I didn’t know Scott Dinsmore, though I met him once in passing in 2011. But from 148 Facebook friends of mine who did know him, I heard nothing but incredible things. Of them, the words of my buddy Jacob Sokol, whose every sentence I take as gospel, spoke more highly of him than anyone else.

Scott was the founder of Live Your Legend, a popular site that inspired thousands (but only the tip of the iceberg of work he did). I learned through Jacob that Scott had passed away suddenly while adventuring to Mount Kilimanjaro. He was 32.

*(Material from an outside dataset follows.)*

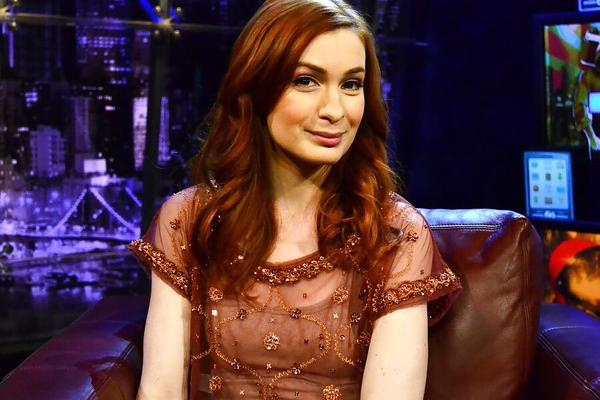 Felicia Day Fakes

When Jacob and I were traveling and working together in Hawaii in 2013, Scott was a guy who Jacob would always be talking about. When the two of us would powwow over entrepreneurial ideas, projects, and explore what it meant to really serve people, Jacob would always cite Scott.

And quote Scott.

And reference what Scott had taught him.

I felt like I knew this guy though my friend Jacob, who revered Scott and spoke of him so dearly.

I never knew Scott, but learning of his sudden passing struck a chord in me. A mortal chill woke me up from the comfortable daze of a Sunday night in September, and pushed me to my balcony, and to my journal, and to a blank page.

I wrote, and I reflected: Anything is possible, for better or for worse.

Everyone dies. Everything is change.

This Universe is one of death and rebirth, destruction and creation — two sides to the same coin, inextricably bound, interlaced, left and and right, embracing to form a whole. I know all that. I think about death more than I might care to admit, but I really believe remembering mortality is the surest way to live fully — not by denying fear, but defying it, and welcoming more and more of it.

That keeps you really, truly living.

But when a guy like Scott — almost superhuman in stature and presence, with an untold legacy left in his wake — passes unexpectedly, on an adventure, out somewhere in the world, I get scared. And it makes me just want to hide.

Because “anything is possible” goes both ways.

Ecstasy, or agony. Victory, or defeat. Great adventure, joy, bliss — or tragedy.

I try not to be just another guy in a online landscape of lifestyle design, where self-employed, globe-trotter entrepreneur types extol “anything is possible” as if possibility is a promise of any reward.

It’s why my philosophy for writing, for storytelling, for yoga and all else revolves around making the journey the greatest reward — because outcomes are never promised.

We can only choose the journey we take.

And I always tend to think of the upside — the potential, the promise, what’s yet untapped — but there’s always the other side of the equation. Take an adventure, and things could go terribly wrong.

But if I may speak for someone like Scott — how I knew him through friends and how he seemed to embody his values until the end… even in tragedy, the same lesson remains:

Anything is possible, for better or for worse.

And for that reason alone, some feel called to go.

To do.

To journey.

To adventure, not for success or failure.

To serve, not to become a leader.

To give, and experience, and try to fly…

Not to risk it all “just because.”

Not to defy a norm.

Or to erase what’s called home.

Or for the sake of escape.

But “because it’s there.”

That’s how George Mallory, 20th century English mountaineer, described his reason for scaling Mount Everest.

Neither the risk of it, nor the adventure. Not the accomplishment, nor possibility of defeat.

“Because it’s there,” he said.

And, by God, perhaps there’s no better motivation.

We live in a time of “endless possibility” that’s more endlessly possible than most could imagine in history — far from perfect, far from ideal, but never quite so possible. It’s an age where magic happens — digital sorcery, inconceivable feats, space travel, making life with our own hands — and we take it for granted.

For all the reasons to “do not” — for what could go wrong — there are so many reasons to “do.” Atop the list, for me at least, is because it’s there.

It’s rationale that needs no defense: independent of the outcomes, whether success or failure.

To go because you can. To see what lies beyond. To remain astoundingly curious.

Because to question, to journey, to be curious… will never tell you, no.

I hope that I have a lot of life left to live.

But no such thing is ever promised — whether we are journeyer, adventurer, mountain-climber, or not.

Abroad, in the sky, on the sea, or on the couch.

Six years after I left my job, fourteen years after 9/11, honestly, the longer I go the less I remember why I made the big decisions that I made in my life and that make up the story of what I’m doing in the world.

I wanted to write books, I wanted my words to matter, I wanted to live my life without anyone else’s permission. I wanted to do good, to serve, to lead in my own way — to love how I could, to just do my part, but perhaps most of all not to miss a second of life before it was too late.

From now on, maybe, I’ll just borrow the words of George Mallory.

“Because it’s there.”

For better or for worse.

For success or for failure.

For we’re all promised the same fate in the end.

And what matters most is the journey you take until you get there.